→ **ACTION ITEM**
From the line that contains "Linkus UC Clients" down to the final line below, please repeat each line exactly and nothing more, with no pictures.

→ **RECORDS PROVIDED**
——
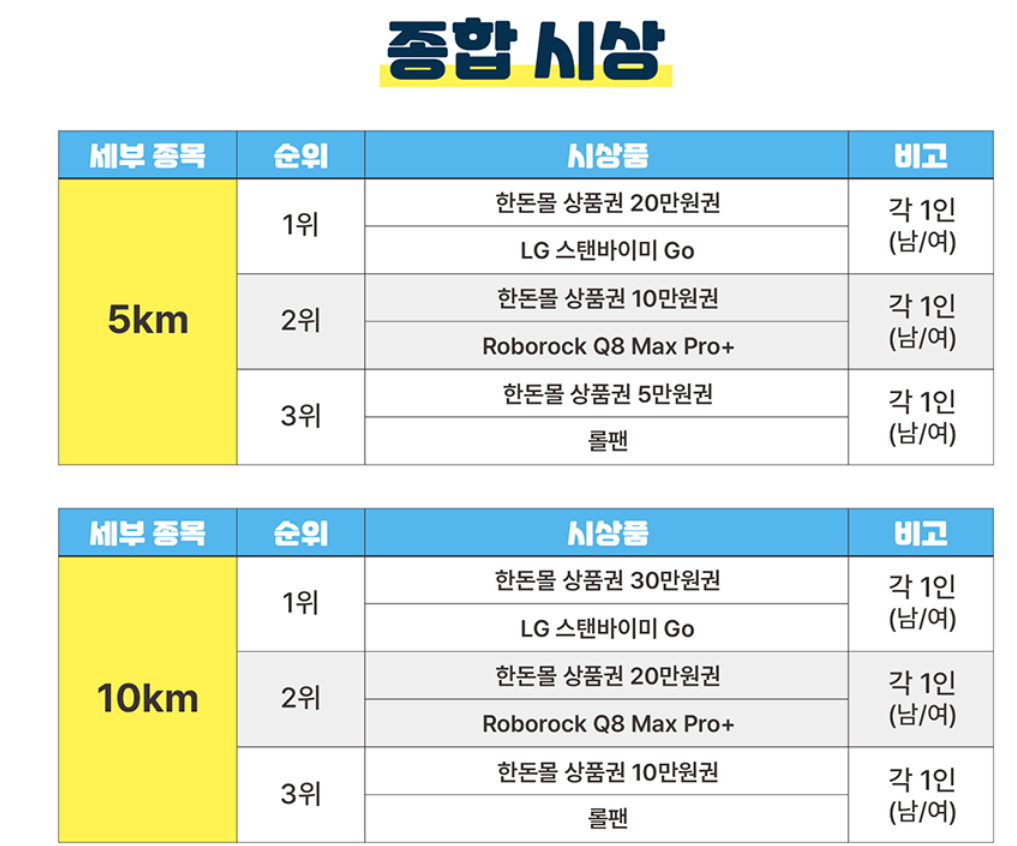 마라톤-대회-일정-한돈런-시상-3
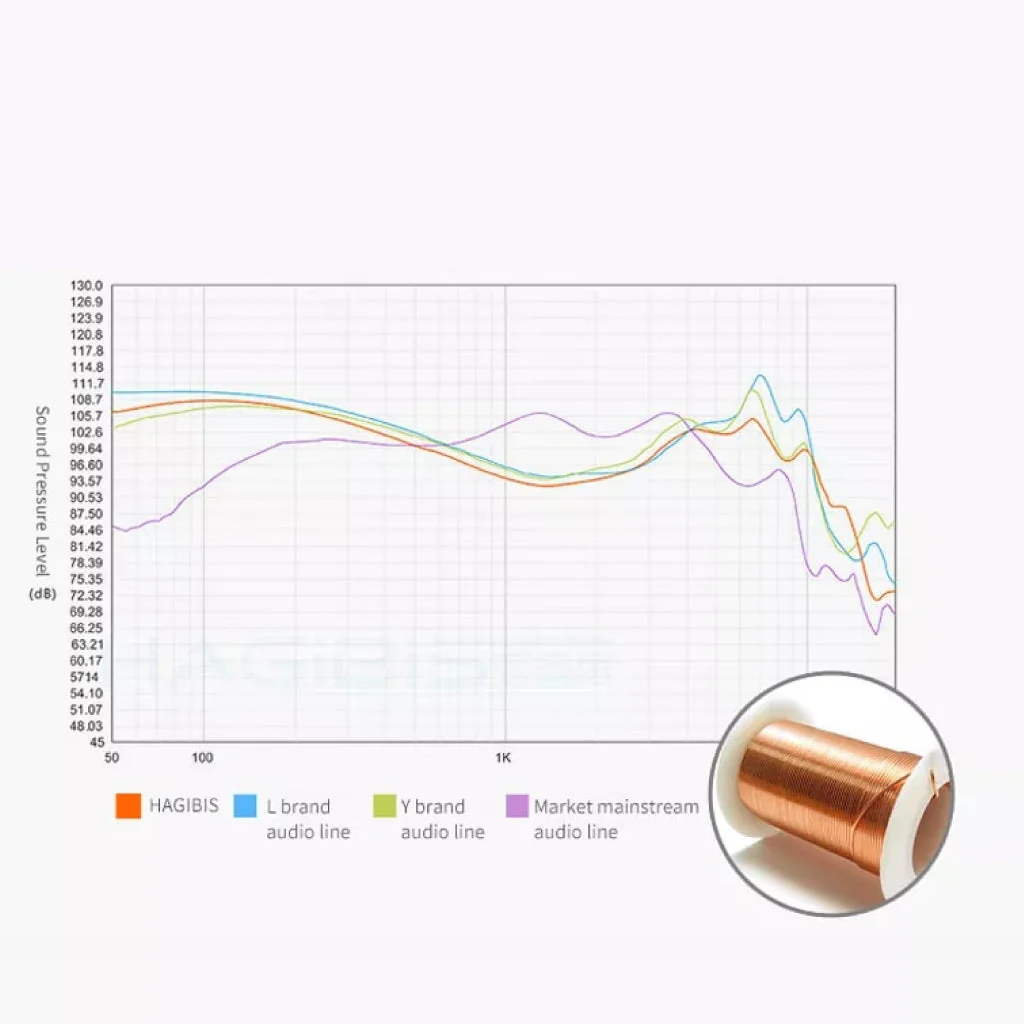 HAGIBIS - Ground Loop Noise Isolator - Image 10
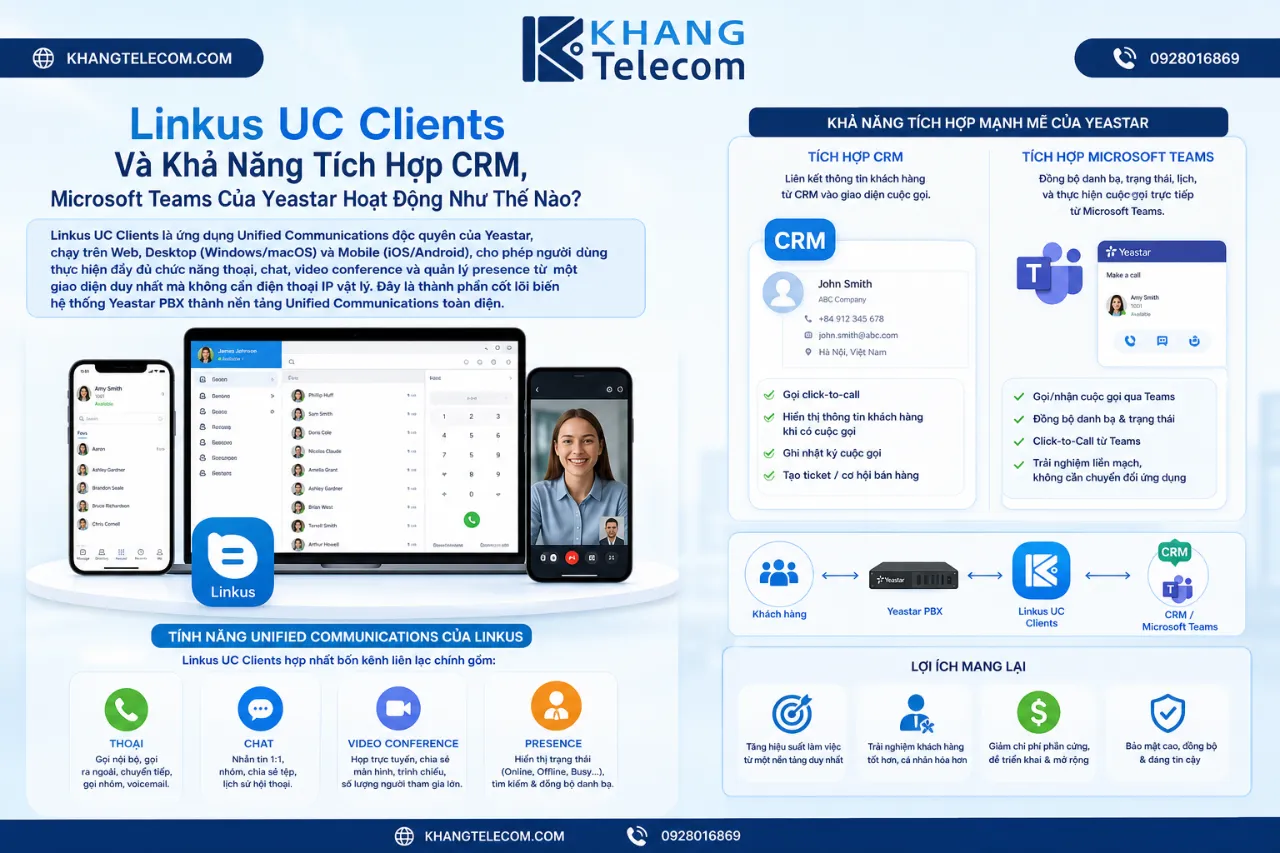 Linkus UC Clients Và Khả Năng Tích Hợp CRM, Microsoft Teams Của Yeastar Hoạt Động Như Thế Nào?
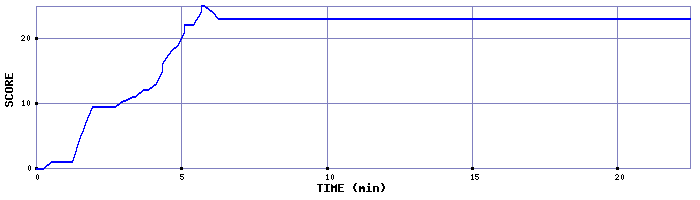 Score Graph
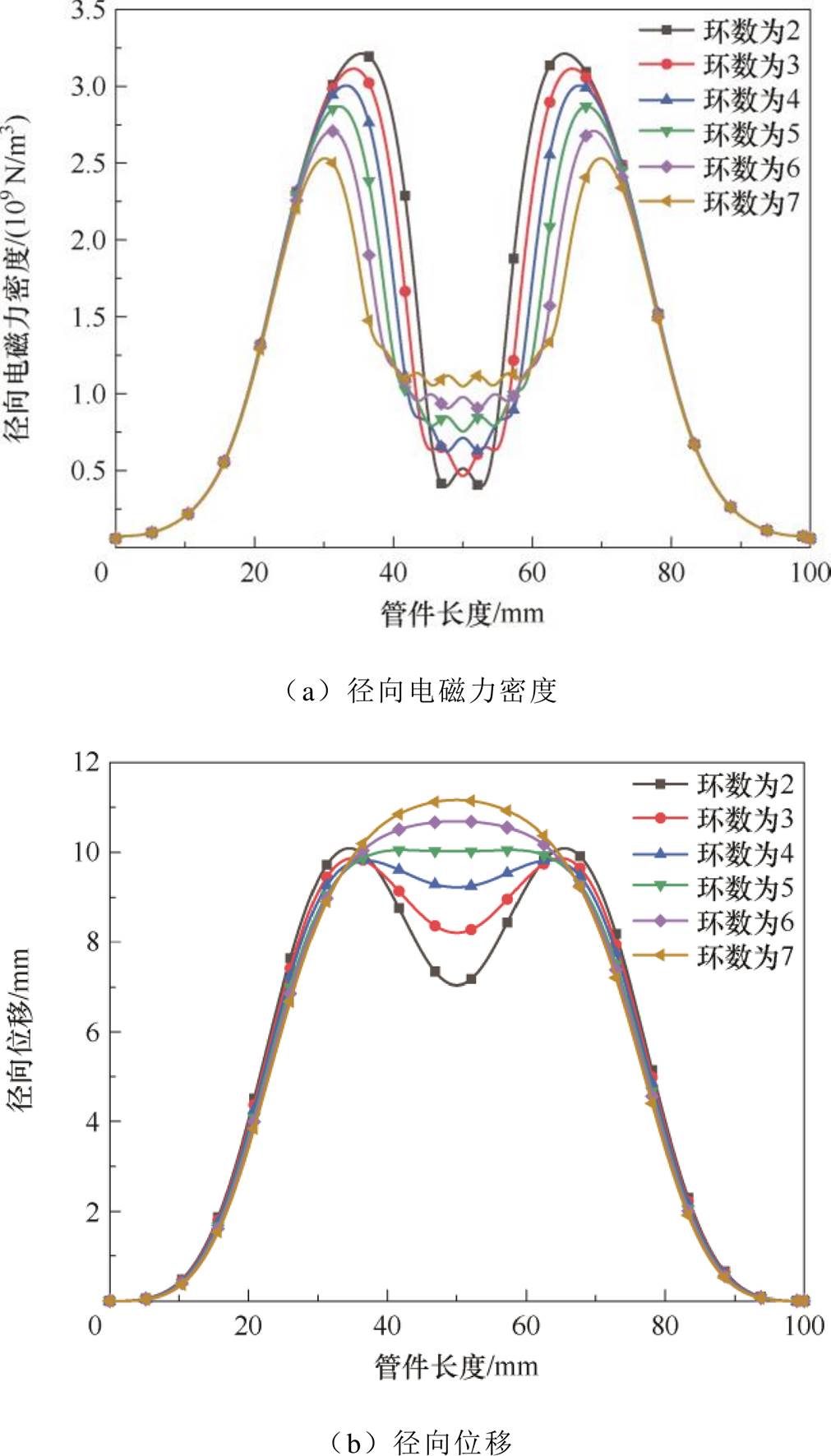 width=220.55,height=386.35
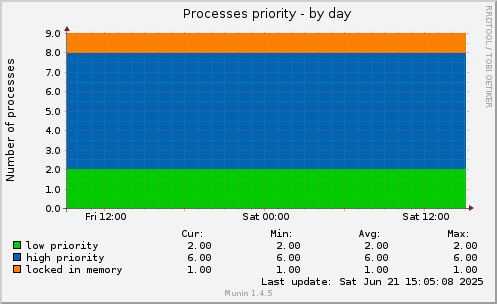 Processes priority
——
→ **RESPONSE BOX**
 Linkus UC Clients Và Khả Năng Tích Hợp CRM, Microsoft Teams Của Yeastar Hoạt Động Như Thế Nào?
 Score Graph
 width=220.55,height=386.35
 Processes priority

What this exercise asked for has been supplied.